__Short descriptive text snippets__
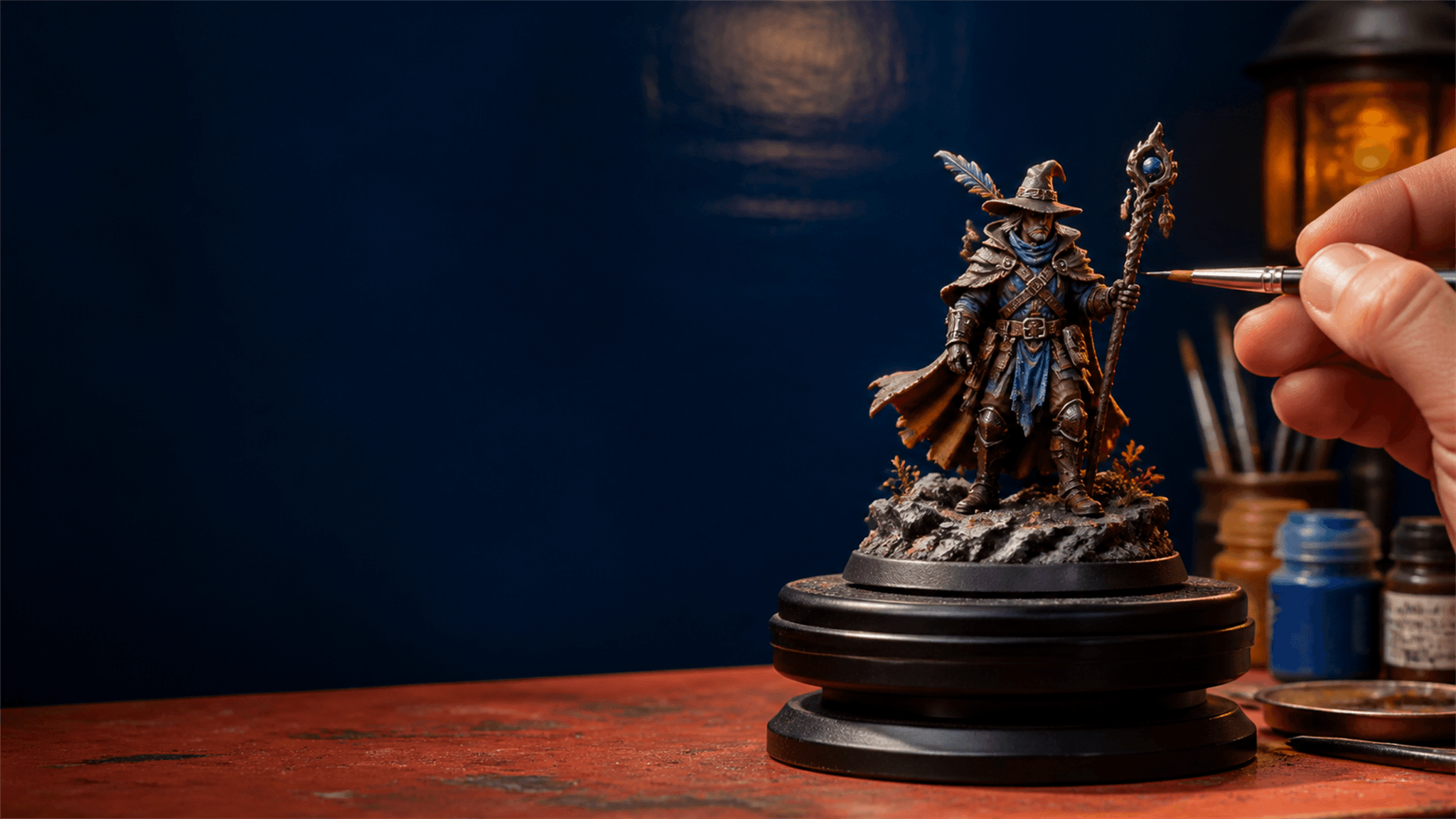 Miniatura fantasy dipinta nell'atelier Fantasy Forge / Painted fantasy miniature in the Fantasy Forge atelier
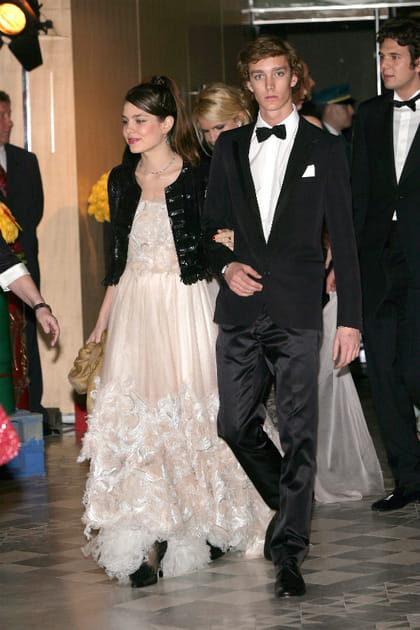 Charlotte Casiraghi en robe cr&egrave;me brod&eacute;e de plumes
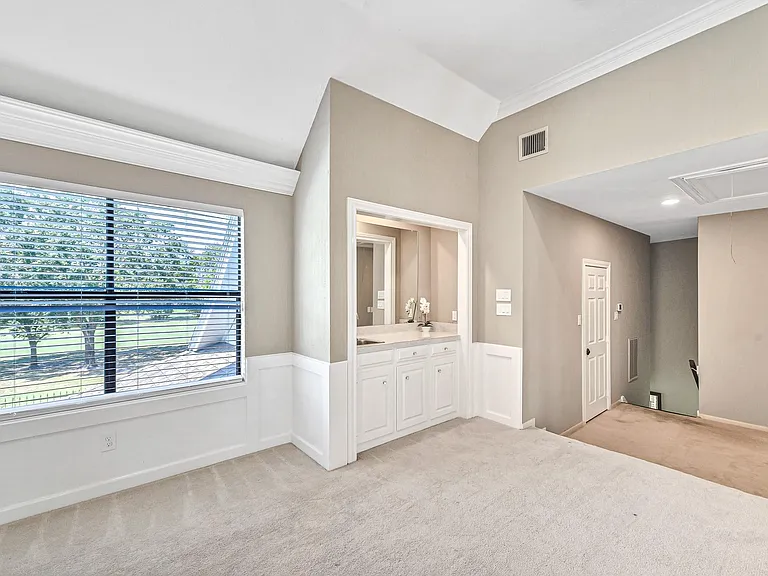 21410 Ganton Dr — Photo 28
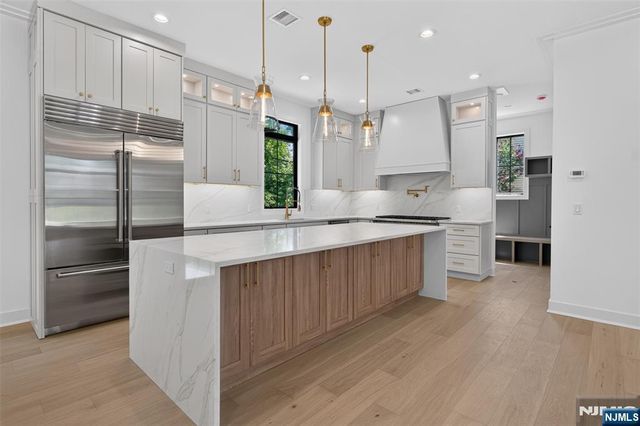 27 Crestwood Drive, Glen Rock, NJ 07452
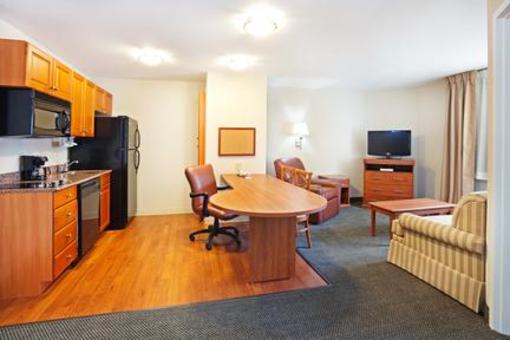 фото отеля Candlewood Suites Knoxville Airport Alcoa
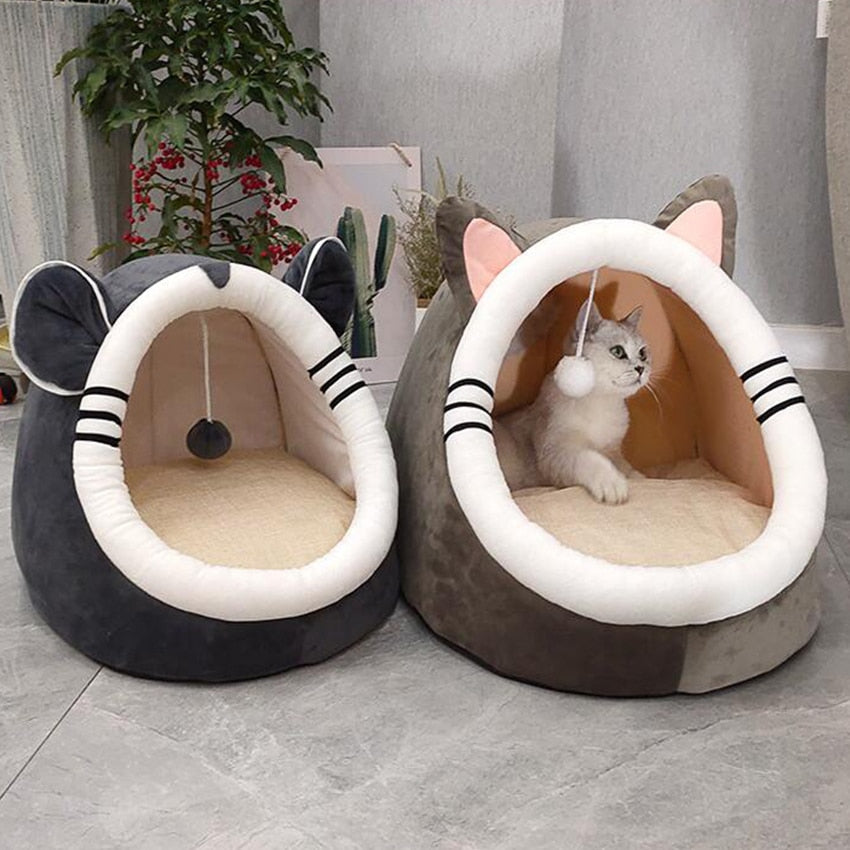 Snug and cozy Cat Bed.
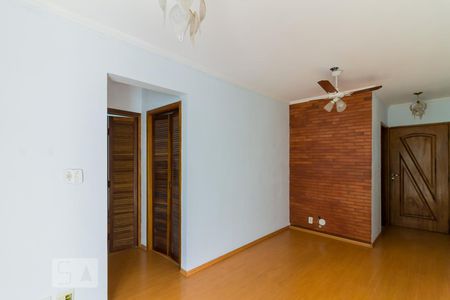 Sala de apartamento para alugar com 2 quartos, 49m² em Vila Carmosina, São Paulo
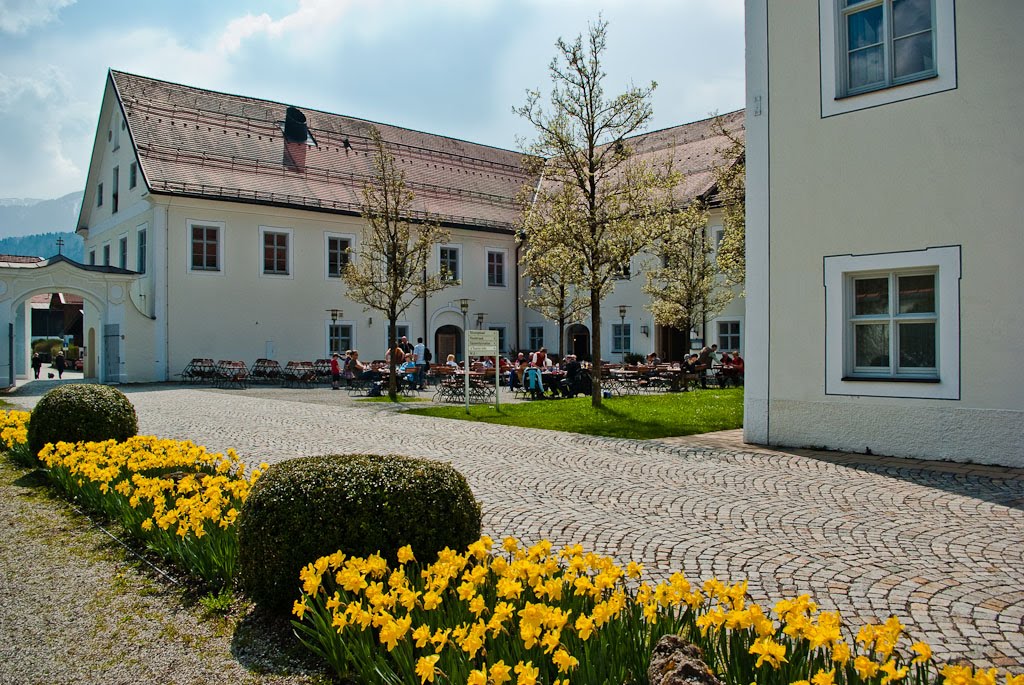 Kloster Fischbachau - Innenhof mit Wirtschaft by LeoW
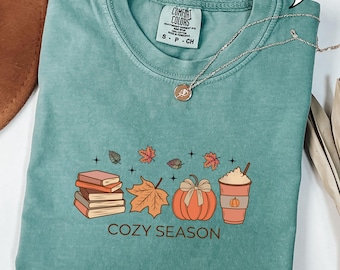 Comfort Colors® Mysig Säsong T-shirt, Höstkaffetröja, Hösttröja, Bokälskare Gåva, Höstlattetröja, Kvinna Gåva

__WHAT TO DO__
Write the records out in full, word for word; leave every picture behind.

__SOLVED PROBLEM__
 Miniatura fantasy dipinta nell'atelier Fantasy Forge / Painted fantasy miniature in the Fantasy Forge atelier
 Charlotte Casiraghi en robe cr&egrave;me brod&eacute;e de plumes
 21410 Ganton Dr — Photo 28
 27 Crestwood Drive, Glen Rock, NJ 07452
 фото отеля Candlewood Suites Knoxville Airport Alcoa
 Snug and cozy Cat Bed.
 Sala de apartamento para alugar com 2 quartos, 49m² em Vila Carmosina, São Paulo
 Kloster Fischbachau - Innenhof mit Wirtschaft by LeoW
 Comfort Colors® Mysig Säsong T-shirt, Höstkaffetröja, Hösttröja, Bokälskare Gåva, Höstlattetröja, Kvinna Gåva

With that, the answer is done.